• To do: Copy exactly, no pictures: every line from the one that contains "1329 Taylor Ave" through the end of the entries below.

▼

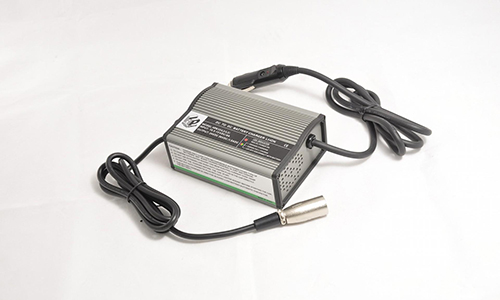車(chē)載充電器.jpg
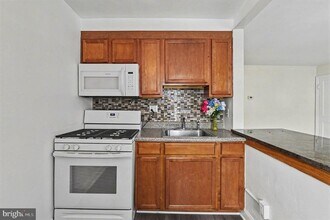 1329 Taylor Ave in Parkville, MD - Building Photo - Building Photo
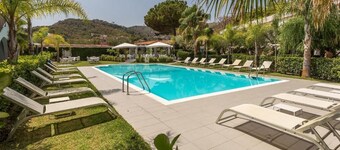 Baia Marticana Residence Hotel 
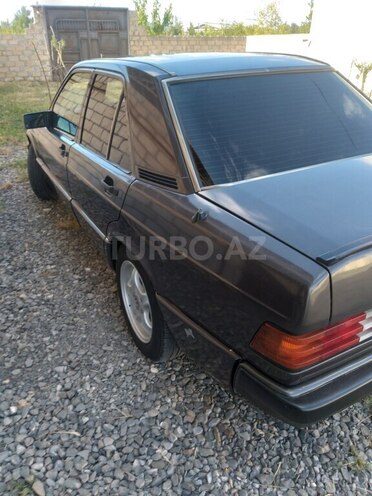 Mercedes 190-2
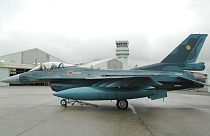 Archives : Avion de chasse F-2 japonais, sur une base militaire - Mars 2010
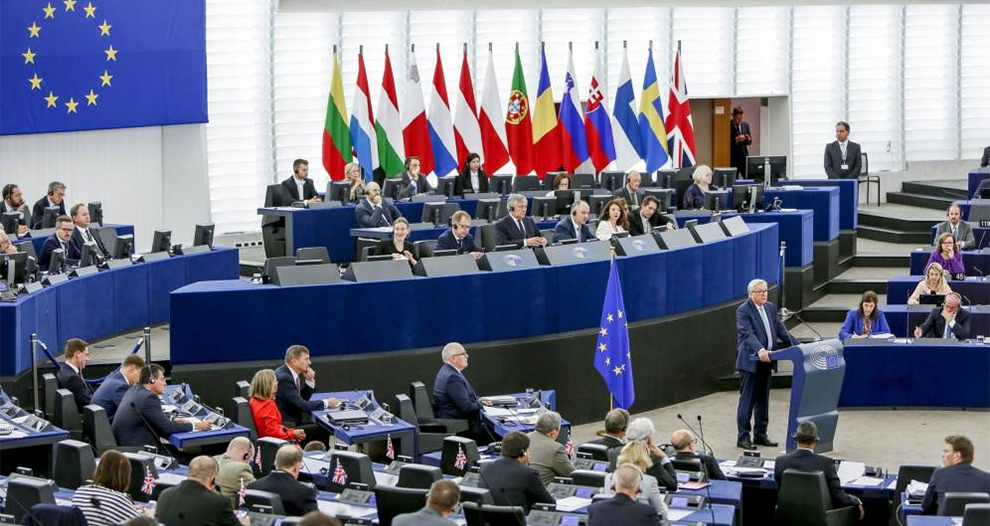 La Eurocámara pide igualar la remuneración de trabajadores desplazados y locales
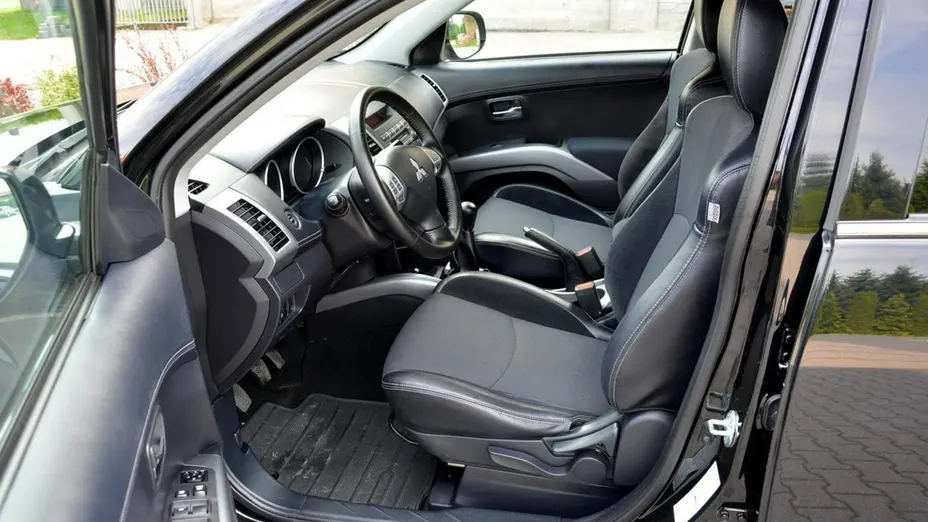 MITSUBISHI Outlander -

▲

• Answer to the problem:
 1329 Taylor Ave in Parkville, MD - Building Photo - Building Photo
 Baia Marticana Residence Hotel 
 Mercedes 190-2
 Archives : Avion de chasse F-2 japonais, sur une base militaire - Mars 2010
 La Eurocámara pide igualar la remuneración de trabajadores desplazados y locales
 MITSUBISHI Outlander -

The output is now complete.